Re: Autobuild hung today
Date: Sun, 1 Apr 2007 20:24:49 +0200
> On Sat, Mar 31, 2007 at 07:37:10PM +0200, Guenter Knauf wrote:
>> I had yesterday this total hung, and it made the machine unaccessable
>> from remote.
> The hanging problem is known, but I don't see how it could make the
> inaccessible. In any case, this is clearly a serious problem. I've just
> disabled the SSH tests for now until this can be sorted out. The sshd
> started for the curl tests shouldn't have any effect on remote access--it
> runs on a different port and should be completely independent of the sshd
> running on port 22 (I'm assuming that's where you're having the remote
> accessibility problem).
no. The machine became totally unaccessable because of 100% cpu usage, and the harddisk was glowing....; it wasnt even possible to reboot the machine from physical console properly;
I've no idea yet what really happened - all I can say is that the last life sign of the box was the autobuild, after that all services stopped responding, and the HD kept enormously busy.

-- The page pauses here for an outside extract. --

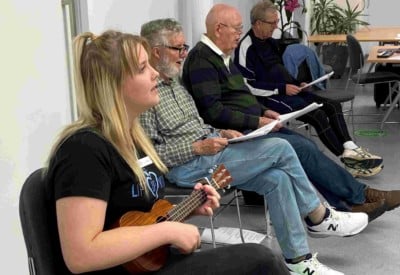 Singing group
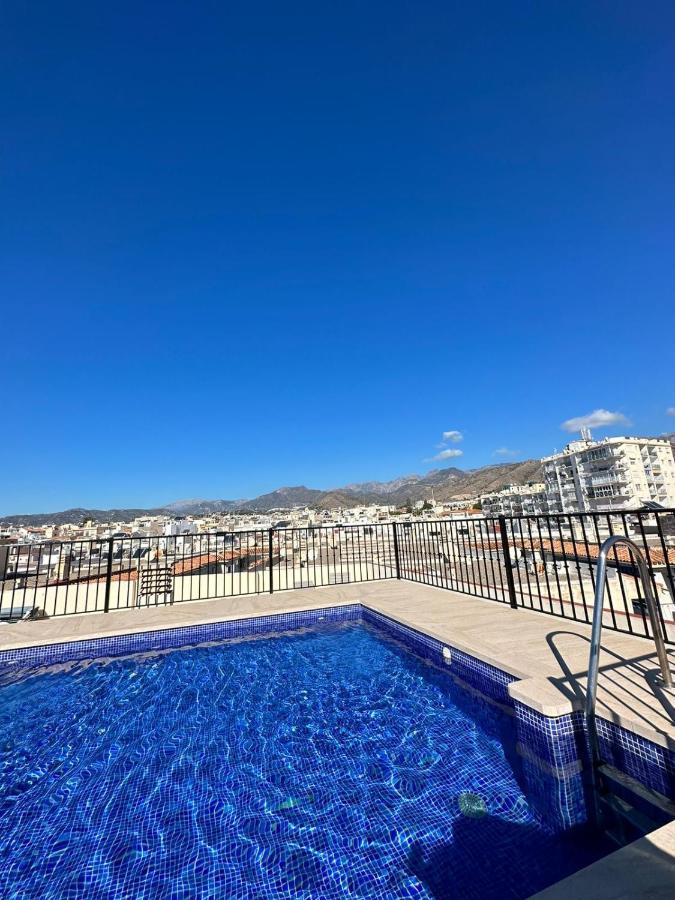 Tiyoweh Apartamento Nerja Exterior foto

>> In addition now after the recent changes I see that none of the test
>> servers start anymore;
>> since I changed the user running autobuilds from root to a normal user I
>> thought first that I missed something, but I can see a couple of other
>> autobuilds now suffering from same issue....
>> any ideas, someone?
> I posted the patch to fix the hang here and on the libssh2 mailing list
> yesterday; I hope it's applied soon. I suspect the hang caused all the
> test servers to fail to be shut down properly when the process was finally
> killed manually after hanging, causing problems on future test runs.
I was forced to hard-reset the box after the hung, so that was not the problem in first turn, however you were right that for whatever reason all testservers hung after the next run;
my guess is that CVS didnt its job right, and improperly updated some (test?) files...
I've seen that a couple of times already in the past - dont know why this happens; normally it should rename the old file, and put the new from CVS in place in case it cant patch; but for (to me) unknown reasons sometimes this doesnt work.
I've just checked a bit with older snapshot builds which worked fine so far; then I did remove the old curl dir, and fetched a fresh copy from CVS, and seems this fixed it now (hopefully - too early to finally say).
Probably its possible to make an initial check if there are testservers hanging around, and kill them before we try to start another test round?
Perhaps in testcurl.pl when we check for old build-* dirs we should first check for the *.pid files, and use them to kill the hanging testservers before we remove the dirs?
Received on 2007-04-01